▶ _Try it_
Could you copy exactly the lines below from the one with "Mushroom and cabbage" to the one with "Accappatoio in seta", inclusive, leaving out any pictures?

▶ _Data supplied_
Content starts

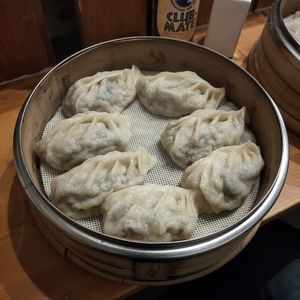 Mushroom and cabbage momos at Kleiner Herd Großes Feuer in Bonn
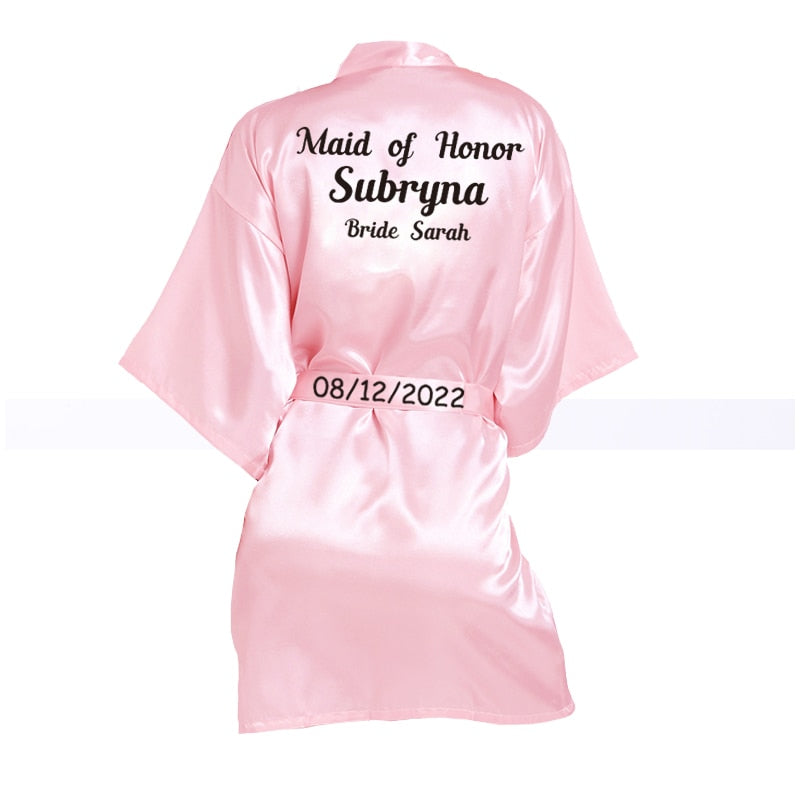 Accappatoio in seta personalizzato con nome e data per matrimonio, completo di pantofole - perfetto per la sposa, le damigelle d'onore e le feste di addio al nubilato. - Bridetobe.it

Content ends
Content starts

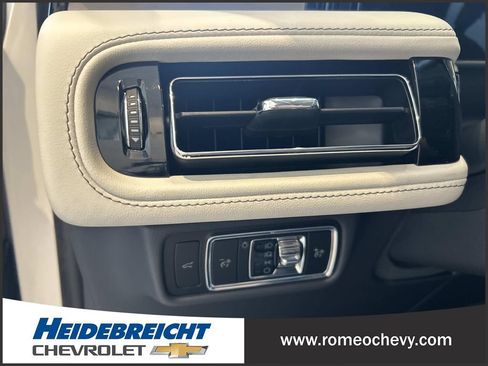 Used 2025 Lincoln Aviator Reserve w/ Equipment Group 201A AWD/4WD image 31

Content ends
Content starts

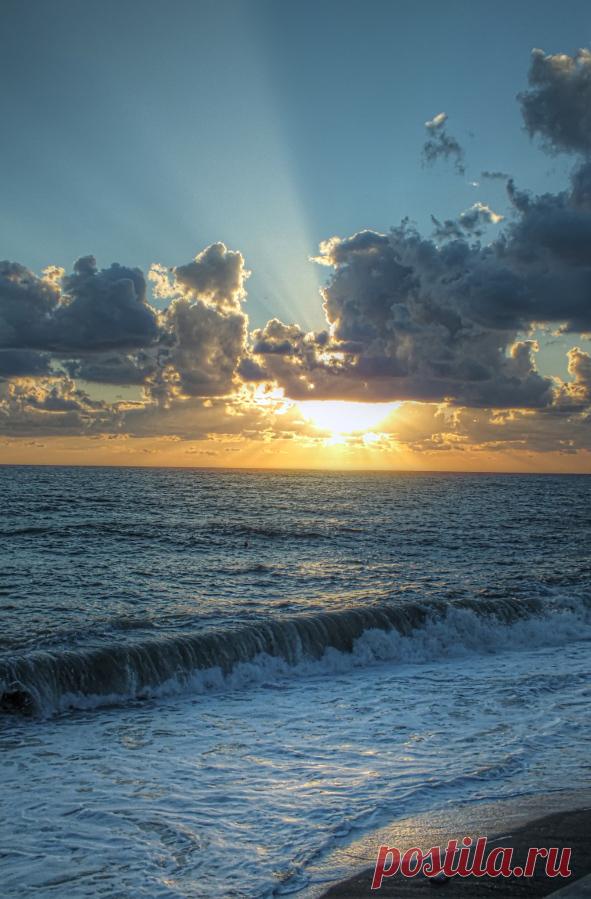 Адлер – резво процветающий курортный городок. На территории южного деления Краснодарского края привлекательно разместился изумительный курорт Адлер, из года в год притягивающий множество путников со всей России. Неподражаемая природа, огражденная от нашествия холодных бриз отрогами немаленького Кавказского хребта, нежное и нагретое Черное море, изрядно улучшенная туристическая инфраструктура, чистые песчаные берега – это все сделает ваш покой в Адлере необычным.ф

Content ends

▶ _Answer to this problem_
 Mushroom and cabbage momos at Kleiner Herd Großes Feuer in Bonn
 Accappatoio in seta personalizzato con nome e data per matrimonio, completo di pantofole - perfetto per la sposa, le damigelle d'onore e le feste di addio al nubilato. - Bridetobe.it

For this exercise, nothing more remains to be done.